The gods of the internet don't like cartoons. This is something I've noticed in the approximately two months I've been back, trying to write or draw something new for the blog every single day. If I write a blog post, the gods will generally look my way. They send their minions to scurry around the article, rip out the keywords, and then transmit these to the other minions that start to send traffic my way.
However, if I draw a cartoon, the gods aren't happy and their minions don't do their work. They don't have easy keywords to manipulate, so they don't then trigger the other minions to send people over here. The whole thing is strange and without logic. It's also extremely unfair to anybody who puts effort into drawing a cartoon.
Last night's doodle took me, perhaps, the best part of four or five hours to draw and is therefore probably no longer a doodle. It started around 7.30pm. I was feeling tired and just wanting to play around with the proportions of Nigel Farage's head. His head is something I want to master drawing and this wasn't meant to be a finished cartoon. However, around 9pm I saw that the story of Farage's meetings with Desmond and the head quickly became a body. I wanted to draw it in the spirit of those horrible porn mags that were once passed around the schoolyard as though they were the high watermark of erotica; the kind of thing that had ugly women hanging their sagging boobs out of the back of a Ford Cortina. However, try as I might, I couldn't get Nigel to look quite that tawdry as that so I just reduced him to an ugly set of genitals. Looking back, I should have left his socks on.

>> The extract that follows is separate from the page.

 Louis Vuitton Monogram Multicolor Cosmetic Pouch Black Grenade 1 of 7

About midnight, I was still tired but still in the mood to draw so I quickly drew Richard Desmond. It didn't take me long because I guess few people could say what he looks like and I don't know his face well enough to have a sense of my capturing any recognisable features. Finally, I added a few shadows, which I borrowed/lifted/stole straight from the great Gerald Scarfe who uses shadows particularly well as a framing device.
Not that Google's gods would have been interested in any of this when I posted the cartoon. However, now I've put all this into words, perhaps they'll have something to chew on.

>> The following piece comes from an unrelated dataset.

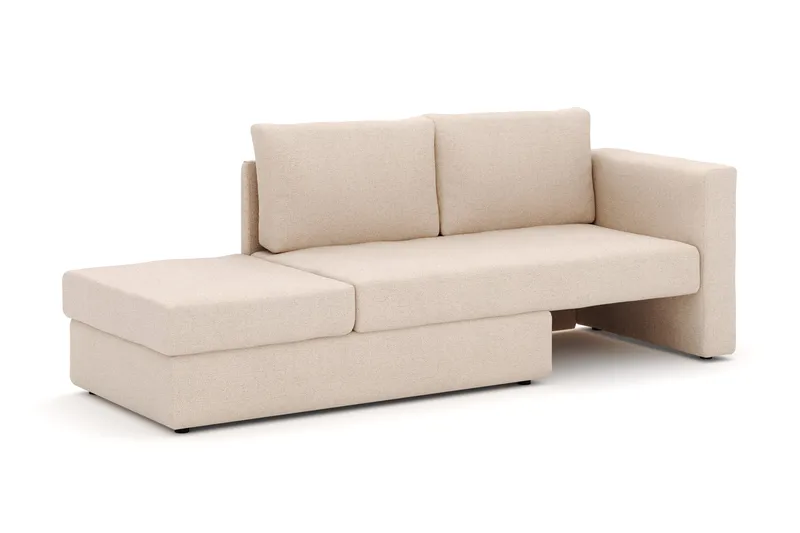 Alnaryd 2-3seters Sovesofa med Nedfellbar Armlene - Beige - Møbler - Sofaer - Sovesofaer - 2 seters sovesofa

This afternoon I have to head out but, once home, I hope to finally put the finishing touches to version 1.1 of Shuffleboard King. The problem is that I've changed so many things, I fear that I'll have to give it a thorough testing before I can upload it to the Play store. The ad revenue is coming in but very slowly. I'd intended the next version to be the paid-for version I'd actually earn a little from but I'll probably end up giving it away. Google have now introduced a policy that all developers selling products on the Play Store must provide their home address which will be visible on the store. It's something that nearly the entire development community is angry about and has already seen many small developers quit Android development in favour of Apple. It's typical, however, that the one way I might have earned a little from the months of work on this game is now blocked off to me.

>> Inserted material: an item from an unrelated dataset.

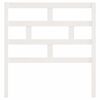 vidaXL Bed Headboard White 81x4x100 cm Solid Wood Pine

Isn't it always the way? The small guy always gets screwed. Amazon wants us to sell our books for pennies and now Google want us to give our home addresses away to anybody who fancies sending me crap for all the crap I've done in the past. I really don't want to spend the next few years, tearing up UKIP newsletters because some clever sod thought it would be funny to send them my name and address.
I'm so desperate that I woke up with the idea of publishing a book on Amazon that I've had written/illustrated for months but will now never see the light of day. I might as well publish it before it becomes completely outdated. Earning pennies is surely better than earning nothing. Or is that how all saps think? I don't know. The whole thing is so damn confusing. Yesterday, I was visited by an engineer who came to install a new modem. His life seemed to much easier. He just spends his day installing modems and fixes TV installations and he earns what is euphemistically called a 'shit load'. At night, I guess, he drinks a lot. Everything about him said: heavy drinker. I guess I should have got into that game a long time ago. Then I might not now be looking at a life that I've utterly ruined by trying to be different. Some days if feels like I can do so much and have so many skills yet I know that as soon as I walk into a job centre they'd reduce me down to a big fat zero. They say all artists suffer for their art and that's great except I don't think of myself as an artist. Artists are those cool guys and girls with talent. I'm just me, creating the stuff that makes me extremely happy to create. At the time and moment I write this, it feels like the rest of the world looks my way and mutters 'what a complete shmuck'.